Abstract ZnO nanoparticles (NPs) are widely employed as the electron transport layer (ETL) material in quantum dot light-emitting diodes (QLEDs) due to their excellent electron transport properties and inherent stability. However, the unbalanced carrier injection caused by the redundant electron injection is a common phenomenon existing in QLEDs with ZnO ETL. Here, based on the lower electron mobility and shallower lowest unoccupied molecular orbit (LUMO) of most organic electron transport ·materials than ZnO NPs, we report a strategy to modulate the electron transporting properties of ZnO NPs by doping organic small molecular electron transport materials.

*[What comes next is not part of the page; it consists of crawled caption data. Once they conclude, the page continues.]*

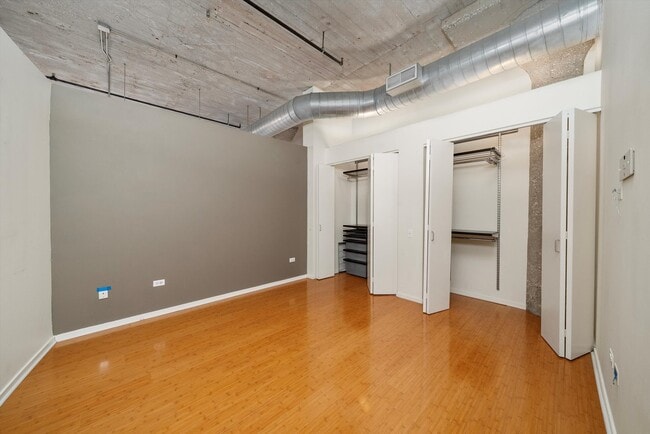 Building Photo - 900 N Kingsbury St
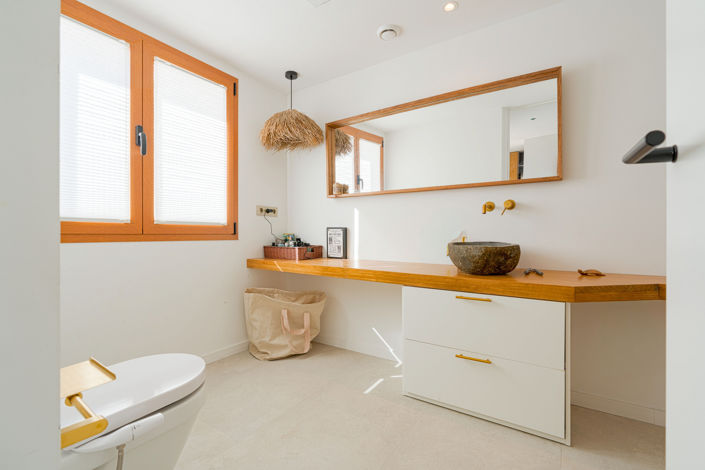 Image No.30-5 Bed Villa for sale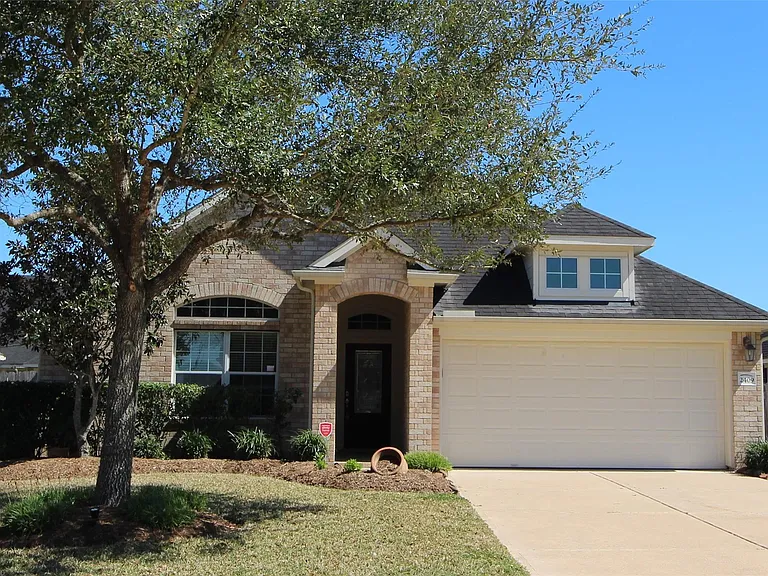 2409 Avalon Trace Ln — Photo 20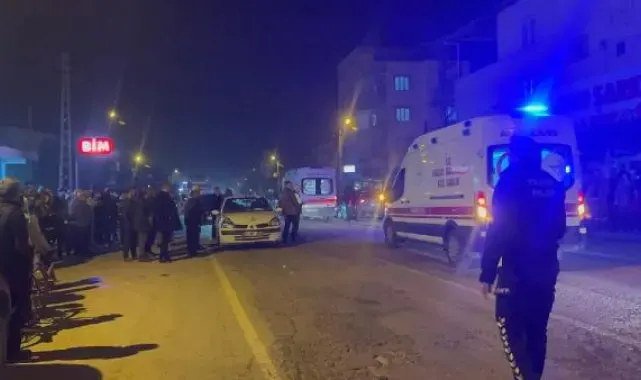 Otomobilin çarptığı 3 yaya yaralandı; kaza kamerada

Several kinds of small molecular dopants including LiQ (lithium 8-quinolate), TPBi (1,3,5-tris(N-phenylbenzimidazol-2,yl) benzene), and BPhen (4,7-diphenyl-1,10-phenanthroline) are separately introduced to modify ZnO. The resulting device with LiQ-doped ZnO ETL at a doping ratio of 7 wt% exhibits the optimal performance at peak current efficiency (CE) and external quantum efficiency (EQE) up to 8.07 cd/A and 7.74%, which are about 1.93- and 1.94-fold higher than 4.19 cd/A and 3.98% of the device with pristine ZnO ETL, respectively. The improvement of performances can be mainly attributed to the inhibition of electron injection and interfacial exciton quenching by the use of LiQ-doped ZnO ETLs. This work may offer a promising method for fabricating high performance QLEDs and promote their application development in the display fields.